In recent years, we have seen a growing body of evidence emerge suggesting that family members can provide stress buffering for one another (see Gunnar, 2017); when cortisol is assessed around family interaction we see evidence of social buffering of emerging adults making the transition to college (blinded citation). In the present study, we follow-up on these findings to better understand whether the effects of social buffering are specific to family members or whether any social partner may be able to provide stress buffering. By comparing cortisol response to the same triadic interaction challenge among family members and among peers, we test the following hypotheses:
1.) we will see evidence of social buffering in family triads and not in peer triads.
2.) compared to peer interaction, cortisol response to family interaction will be a stronger predictor of EA adjustment
3.) quality of triadic interaction will moderate the relationship between cortisol response and college adjustment in both family and peer interaction contexts
Method and Preliminary Results
The present study follows 200 EA participants (ages 17-19 years) making the transition to college.
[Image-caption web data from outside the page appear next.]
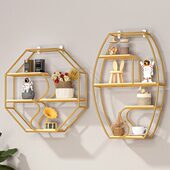 墙上置物架免打孔壁挂创意架客厅墙壁装 饰挂件卧室床头铁艺收纳架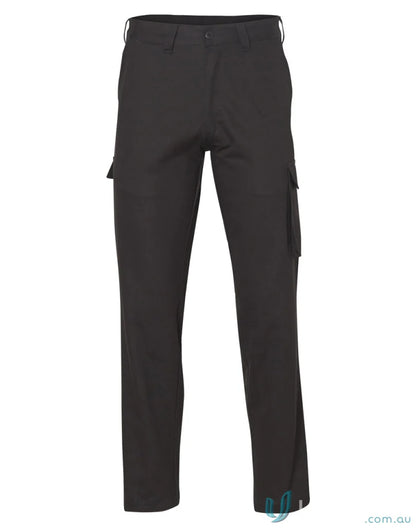 Men’s black cargo pants with side pockets, AIW heavy cotton pre-shrunk drill pants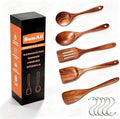 5 PCs Teak Wooden Utensil Set with Hooks, Wooden Spoons for Cooking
Participants were assigned to one of 3 conditions: family, peer, individual. All participants were video recorded during a 20-minute task while building a house of cards. Four saliva samples for cortisol immunoassay were collected at 20-minute intervals surrounding the interaction (baseline, pre-challenge, post-challenge, recovery). Student participants completed questionnaires assessing adjustment (ASR, Achenbach & Rescorla, 2003) and interactions were coded using the FSAP system (see Johnson & Gans, 2016). Participants in the family condition were accompanied to the laboratory by two parents who joined them during the interaction. Participants in the peer condition completed the interaction with two peers and participants in the individual condition completed the task alone (control).
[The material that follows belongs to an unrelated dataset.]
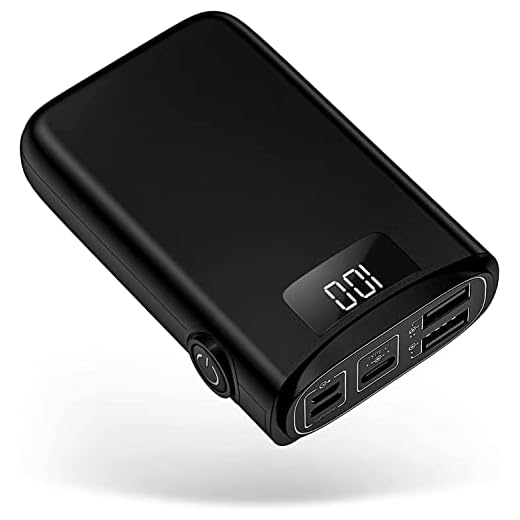 Power Bank 10000mah Mini Bateria Externa Movil,2.1A Cargador Portatil con 3 Salidas (Type C/Lightning/Micro),2 Entradas,Powerbank LED Display Compatible con iPhone 11 13 Samsung Xiaomi etc.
Preliminary results indicate a significant timeXcondition interaction for cortisol response (F(3,131) = 5.77, p<0.01). Participants in family and peer conditions displayed evidence of social buffering (decreasing cortisol response) whereas participants completing the challenge alone showed an increasing cortisol response pattern. Whereas social groups (peer or family) appear to be stress buffers, participants in the family condition showed significantly lower cortisol response than participants in the peer or individual condition, indicating that family members may be more potent social buffers. Additional analyses will assess whether cortisol response differentially predicts college adjustment by condition and whether the quality of the triad interaction moderates this relationship.